Monday, 13 June 2016

Part 3 Exercise 3.2 - Postcard Views

Part 1

We are asked to gather 6-12 postcards that we may have received. I think those received from people on holidays have long since perished or been thrown away. The tradition in my time the 80/90s was to send a postcard when on holiday explaining if you were having a nice time, what the weather and food was like etc. Quite often as I recall I was back before the postcard arrived! 

The internet, mobile phones etc now mean as a communication method on the back of a picturesque view from where you were staying. I think instead the postcard in modern times is bought by tourists as a reminder of the holiday or visit to a holiday location. This may be because they don't have a camera, cant recreate the scene on a postcard with a camera or because they have an instant reminder.


Postcard 1



Though now living in the Forest of Dean Gloucester, I grew up in Wonersh, Surrey leaving at age 21 to pursue a career. This image is of the small park next to Wonersh C of E church where many of my relations got married, including my brother. Though my brother had a summer wedding it was unfortunately a wet and rainy day with the images of his and his wife's day taken with people grouped inside the arch under the parapet that we both threw stones from. No doubt this irony was remembered and laughed about later that day. We often used to climb up and into the parapet at the top and throw small tint stones at passing vans. Those that stopped had drivers looking over the small walls either side not realising we were above laying down and un-observable. I don't condone this type of entertainment now but unfortunately succumbed as a young person. I've not been here for 24 years I think


Postcard 2



 This appears to have been taken at about 90 degrees or so left of the position of the postcard image above. Though its not obvious the path leads to an arch through the 10ft high walls surrounding the church


Postcard 3



Taken the other side of the gatehouse in image 1. I used to do a paper-rounound along this round for 3 years I think keeping the same round.


Postcard 4



Following the road to the left in the postcard above will find this location. The image is incorrectly labelled the square. If you were to give this location you would call it the Pepperpot, the nickname given to the open shelter at the road junction. To the left of the Pepperpot was the local stores, the building to the right is the local pub The Grantley Arms which was my watering hole for a number of years, starting at least one year before I reached 18!


Postcard 5



A better view of the Grantley Arms on the right. I spent at least 8 years waiting at the spot bottom left og the image for coaches or buses to take me to the two schools in Cranleigh. There is a red phonebox to the left of the image we used to hide in when it was raining. On one of these mornings we witnessed a lorry for some reason in bed it self in the pub as it came round the corner. It gave us some amusement. In recent years an often run Lloyds Bank TV advert showed an image of the "pepperpot" similar to that above


Postcard 6



This postcard is from 1910 and the from the same photographer as most of those above.

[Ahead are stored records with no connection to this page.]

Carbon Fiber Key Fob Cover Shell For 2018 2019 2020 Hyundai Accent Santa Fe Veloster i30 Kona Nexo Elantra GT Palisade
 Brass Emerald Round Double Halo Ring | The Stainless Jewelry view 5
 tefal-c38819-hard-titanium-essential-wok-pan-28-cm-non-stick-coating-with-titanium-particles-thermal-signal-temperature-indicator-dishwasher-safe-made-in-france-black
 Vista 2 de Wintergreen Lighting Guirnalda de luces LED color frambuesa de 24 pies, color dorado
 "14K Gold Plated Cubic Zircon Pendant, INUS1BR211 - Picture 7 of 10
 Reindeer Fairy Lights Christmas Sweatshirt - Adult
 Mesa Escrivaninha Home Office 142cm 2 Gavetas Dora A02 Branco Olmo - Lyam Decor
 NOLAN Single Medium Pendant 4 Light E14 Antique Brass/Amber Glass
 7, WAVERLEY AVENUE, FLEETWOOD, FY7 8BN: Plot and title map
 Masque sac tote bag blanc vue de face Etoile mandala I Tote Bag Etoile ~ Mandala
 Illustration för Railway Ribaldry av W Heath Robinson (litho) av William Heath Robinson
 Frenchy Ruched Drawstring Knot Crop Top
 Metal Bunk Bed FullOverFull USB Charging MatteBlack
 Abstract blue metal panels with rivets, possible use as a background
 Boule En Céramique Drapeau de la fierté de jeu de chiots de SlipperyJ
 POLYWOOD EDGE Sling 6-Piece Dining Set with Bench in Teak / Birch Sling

Should postcards have been created of my village during my youth I wonder what fuure generations would make of them. Likely the same amazement at the clothes people wore and the cars captured in the images. However I hope the majority of the scene remains unchanged is also looked upon both favorably and fondly as I do and I can enjoy some of the memories that were created here.

Part 2

Graham Clarke said "“… the landscape photograph implies the act of looking as a privileged
observer so that, in one sense, the photographer of landscapes is always
the tourist, and invariably the outsider." 

I think in my mind this could be both a truth and an untruth. I think Clarke makes his statement assuming that the photographer is a visitor to the area which he is photographing. The privileged he mentions I find less able to explain. Is this because the photographer has a limited amount of time to seek a view to capture? Is the privilege because the photographer can see the scene with his own eyes "in the flesh" and also capture it on film or digitally?  This might be true if capturing scenes or memories from a location briefly visited.

In the case of the postcards above based upon the village I grew up in for 21 years had I taken these images I would not have felt an intruder nor a tourist. These postcard images were taken over 100 years ago in most cases yet are as intimate to me as if I had taken them myself. Very little had changed to the village I grew up in over 60 years later and my last visit to the village about 5 years ago 20 years on showed little had changed.

So in looking at the postcard images I feel privileged to be reminder of many, many memories but never as a tourist, nor of an outsider but most certainly as an insider. This perhaps ensures this postcards mean much more to me than as a tourist or outsider to my life growing up in this village.